Stop Maintaining Your Own SVI Fitting Code - Advanced Volatility API for Quant Teams

The Problem This Solves

Every quant team that trades options eventually builds a vol surface. The typical stack looks something like this:

• Pull raw option chains from a market data vendor
• Filter out stale quotes, wide markets, and zero-OI strikes
• Fit SVI parameters per expiry slice (and debug when the optimizer doesn't converge)
• Interpolate across expiries to build the full surface
• Check for butterfly and calendar arbitrage violations
• Compute derived quantities - variance swap fair values, higher-order greeks
• Cache and refresh on a schedule

This is 2,000-5,000 lines of code that someone has to maintain. When the optimizer breaks on a low-liquidity name, someone debugs it. When OPRA changes a feed format, someone patches it. When a new expiry cycle starts and the calibration window shifts, someone adjusts it.

The Advanced Volatility endpoint does all of this in one request. You send a ticker. You get back calibrated SVI parameters, a total variance surface grid, arbitrage flags, variance swap fair values, and second/third-order greeks surfaces. Structured JSON, ready to pipe into your models.

from flashalpha import FlashAlpha

fa = FlashAlpha("YOUR_API_KEY")
data = fa.adv_volatility("SPY")

That's it.

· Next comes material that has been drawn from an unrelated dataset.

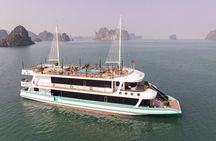 From Hanoi: Luxury 5-Star Halong Bay Day Cruise with Limousine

Everything below comes back in data.

What You Get Back

1. Raw SVI Parameters Per Expiry

Gatheral's SVI parameterisation maps log-moneyness k to total implied variance:

w(k) = a + b(ρ(k - m) + √((k - m)² + σ²))

You get the five raw parameters (a, b, rho, m, sigma) for every expiry with sufficient liquidity, plus the implied forward price and ATM total variance:

for s in data["svi_parameters"]:
    print(f"{s['expiry']} ({s['days_to_expiry']}d): "
          f"a={s['a']:.6f}  b={s['b']:.6f}  rho={s['rho']:.4f}  "
          f"fwd={s['forward']:.2f}  ATM IV={s['atm_iv']:.1f}%")

2026-04-04 (10d): a=0.004521  b=0.031245  rho=-0.1823  fwd=581.25  ATM IV=17.9%
2026-04-17 (23d): a=0.005812  b=0.028901  rho=-0.2145  fwd=582.10  ATM IV=18.2%
2026-05-16 (52d): a=0.008234  b=0.025678  rho=-0.2534  fwd=584.30  ATM IV=19.1%

With five numbers per slice, you can reconstruct the implied volatility smile at any arbitrary strike - not just where options trade. Feed these into your local vol, stochastic vol, or exotic pricing models directly. No re-fitting.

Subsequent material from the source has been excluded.